Given any matrix $M$, we can apply three possible row operations to its rows: multiplying a row by some scalar, adding one row to another, and reordering rows. Each of these rows corresponds to an elementary matrix, and the last operation in particular corresponds to a permutation matrix $\dot{w}$.

We know from linear algebra that any matrix can always be transformed using these operations into an upper triangular matrix, so the equation $$g = b_1 w b_2$$ essentially boils down to saying "given any invertible matrix $g$, apply $b_1^{-1}$ to it (which should multiply and/or add rows), then apply $w^{-1}$ to the result to reorder rows so that you can get an upper triangular matrix $b_2$".

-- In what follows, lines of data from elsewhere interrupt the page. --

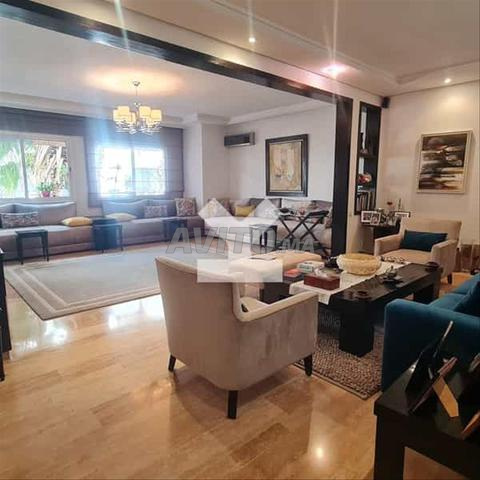 78581-بيع شقة في الدار البيضاء كوتييه بمساحة 186 متر مربع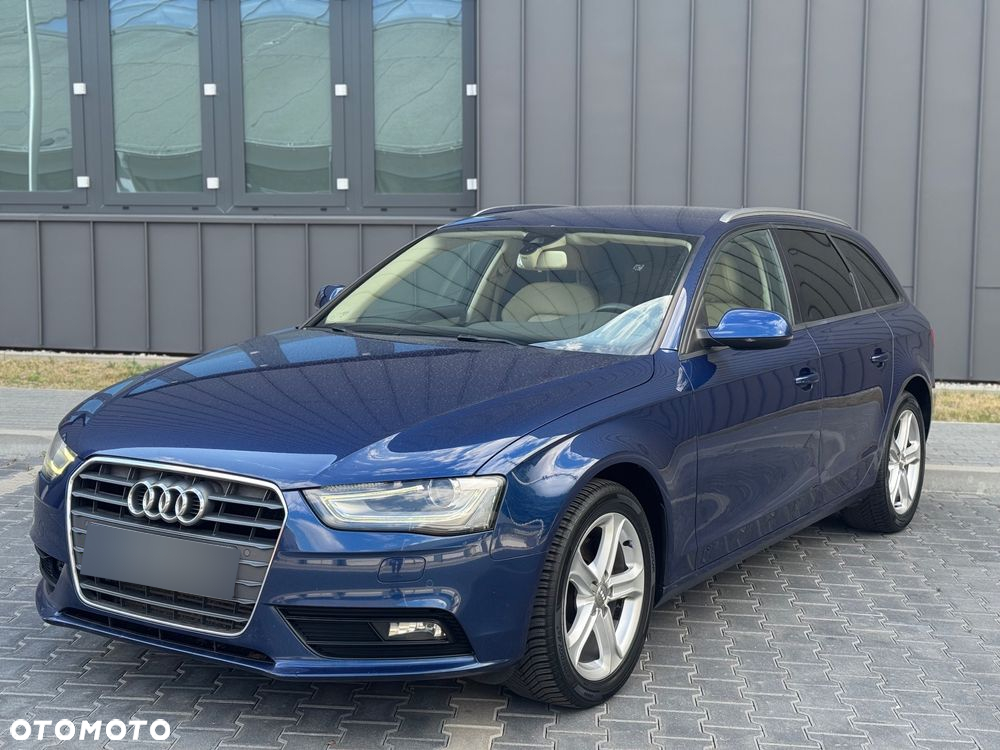 Audi A4 - 4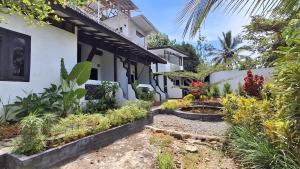 Jungle Edie Budget Hostel Air-Conditioned & Hot Shower "Book your jungle trekking tour with us"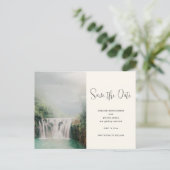 緑豊かな森の滝の日を保存 インビテーションポストカード (スタンド正面)
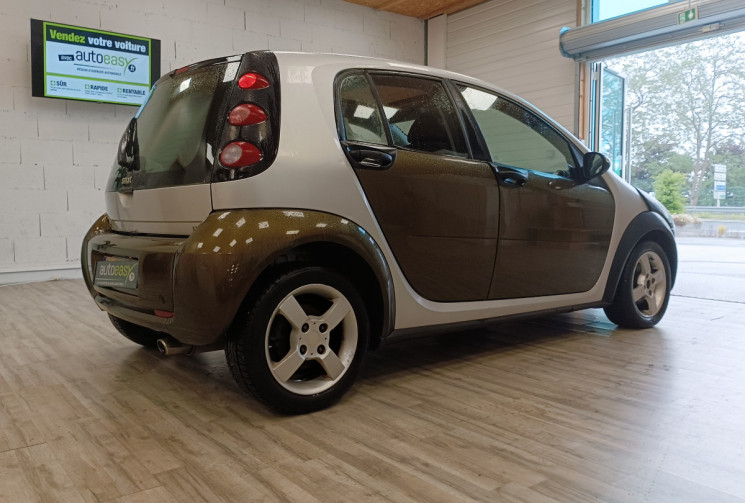 SMART FORFOUR POUR PRO (454) 1.1 i 75cv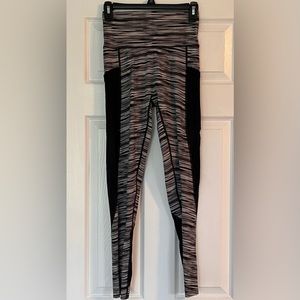 Aerie Chill Play Move Leggings/Black & white/ Size M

The row operation of multiplication of row $i$ by $\lambda$ has an elementary matrix given by 1s on the diagonal and the $i$-th diagonal entry $\lambda$. The row operation of adding $\lambda$ multiplied by row $i$ to row $j$ is given by the identity matrix plus a matrix with the $(j,i)$ entry being $\lambda$ (and zero elsewhere). The wikipedia page sums this up much better than I just did.

If in particular we restrict to only adding 'lower' rows of the matrix to 'higher' rows (that is, we add row $i$ to row $j$ when $i > j$), then the corresponding elementary matrix is an upper triangular matrix.

So, given an invertible matrix $g$, we only add lower rows to higher rows, and scale rows, to give a sequence of elementary matrices $E_1 E_2 \dots E_r$ (in fact, there are a finite number of the elementary matrices by the invertible matrix theorem). These are all upper triangular, so their product is the required $b_1^{-1}$ from before. It's also fine to restrict the row addition operation to only adding lower to higher, since reordering will take care of the rest.

This gives the desired correspondence between Gaussian elimination and the Bruhat decomposition for $GL_n$. Since the given echelon form $b_2$ is can be reached through an essentially unique order of applying the elementary matrices, this decomposition is also bijective.

As far as I can tell, the actual proof requires an inductive argument (I looked at this SE question and the comments of this MO discussion), but I don't think that's entirely necessary to get the general gist of the Bruhat decomposition for type A. Feedback on my answer is welcome, but I'm pretty sure I've covered the main idea behind this bijection.